Naming is Hard: The Quest for the Right Name for “Go Module Repository”

Go Modules Repository

TL;DR: There is a lot of confusion on the Go modules cache/proxy/registry/repository term. After much deliberation, we have agreed upon Go Modules Repository.

Names Matter!

You know the drill, naming is the single major reason for procrastination in software engineering, perhaps after expense reports. Coming up with a name for something can be extremely hard, picking the right name from a set of proposed suggestions is only a little bit easier. Also, naming sticks – what we pick in the beginning will be with us for years, so let’s try to pick a correct term for the systems that store Go modules. With JFrog Artifactory, The Athens Project, and GoCenter already released, and the whole vision of a “Go mirrors ecosystem” laid down by Google, it’s perfect timing (or maybe just a tiny bit too late?) to decide what to call these services.

This blog post reflects the discussion between The Athens Project maintainers, JFrog Artifactory and GoCenter vendors and contributors. We hope that future service providers will agree with our arguments on the terminology. So, let’s get started.

So what is the Go Modules cache/proxy/registry/repository?

Is it a mirror?

“Go Module Mirrors” is a term Russ Cox used in his latest blog post to describe the systems that store Go modules. Maven used “mirror” back in 2005 in their `settings.xml` schema to describe a remote location of Maven dependencies. While thanks to the popularity of Maven, we all understand what that means, we feel that the term is misleading. “Mirror” stands for an exact and up-to-date copy. It contains all the content of “the original”. But what is the original? Go doesn’t have a canonical central repository which a “mirror” can, well, mirror.

More so, organizational repositories have no reason to contain everything from the upstream! It’s like having the entire GitHub in your $GOPATH. Why? Let’s just contain what we need, bringing stuff in automatically when needed.

Or a cache?

Another term we could use is “cache”.  After all, those tools cache Go modules, don’t they? They store modules like a cache would, but “cache” means some functionality that these tools don’t and shouldn’t have.

We hear things like “if it doesn’t work, clear your browser’s cache” and “delete your Maven ~/.m2 cache” all the time. Ouch! A cache is ephemeral and easily purgeable without any consequences except speed. Athens, JFrog Artifactory, and GoCenter cannot be ephemeral and are not easily purgeable by design. All of them promise immutability, which is impossible to achieve with an ephemeral cache.

Maybe a proxy?

This one was coined by the Go team in its naming of the `GOPROXY` environment variable, which defines a repository to fetch the modules from. Doesn’t `GOPROXY` actually define a proxy?

Proxy is technically the correct term for these systems, but they have other connotations in various technical communities which we think don’t fit the systems we’re talking about here.

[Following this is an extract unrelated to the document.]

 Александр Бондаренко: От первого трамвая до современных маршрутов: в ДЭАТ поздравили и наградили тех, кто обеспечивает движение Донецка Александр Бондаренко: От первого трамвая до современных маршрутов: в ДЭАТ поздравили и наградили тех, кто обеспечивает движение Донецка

Here are some things that come to mind when we think of a proxy:

Proxies usually redirect to an upstream, subject to an include/exclude list. That’s only a small part of a repository’s functionality. Do we imply that the variable `GOPROXY` is ill-named? No! A Go module “proxy” is the lowest common denominator for the functionality required by `GOPROXY`, but this term is wrong for systems like Athens, JFrog Artifactory and GoCenter. These projects have a rich set of features on top of their proxying functionality like redundant storage, RBAC, metadata, search and so on. We encourage you to take a look!

Or perhaps a registry?

Registry is another extremely popular term to describe a source and a target for artifacts. npm uses this term, for example. But what are the properties of the npm registry? It’s the single definite source of packages, with no upstream. Athens, JFrog Artifactory and GoCenter have (or at least can have and probably should have) an upstream and modules come from all over. So registry won’t work.

The key differentiator between these systems and registries is federation. Registries are a single origin and database for code. Athens, JFrog Artifactory, and GoCenter are databases for code that comes from a multitude of other sources – GitHub, GitLab, other version control systems, or even other Athens and Artifactory instances.

It’s a Repository!

So, it leaves with the term in the title of this blog post. We believe that Athens, JFrog Artifactory and GoCenter are Repositories of Go Modules. They have the basic functionality of a Proxy plus more, they cache modules but don’t purge or expire the cache entries, and they have more logic than that too. “Repository” is a well-defined term that explains the functionality of those tools well enough. We feel that it’s the right term. Russ uses the term “repositories” as well when talking about Athens and JFrog Artifactory even in the official Go Modules documentation! Looks like we are on the right track.

So here you have it, long live Go Module Repositories!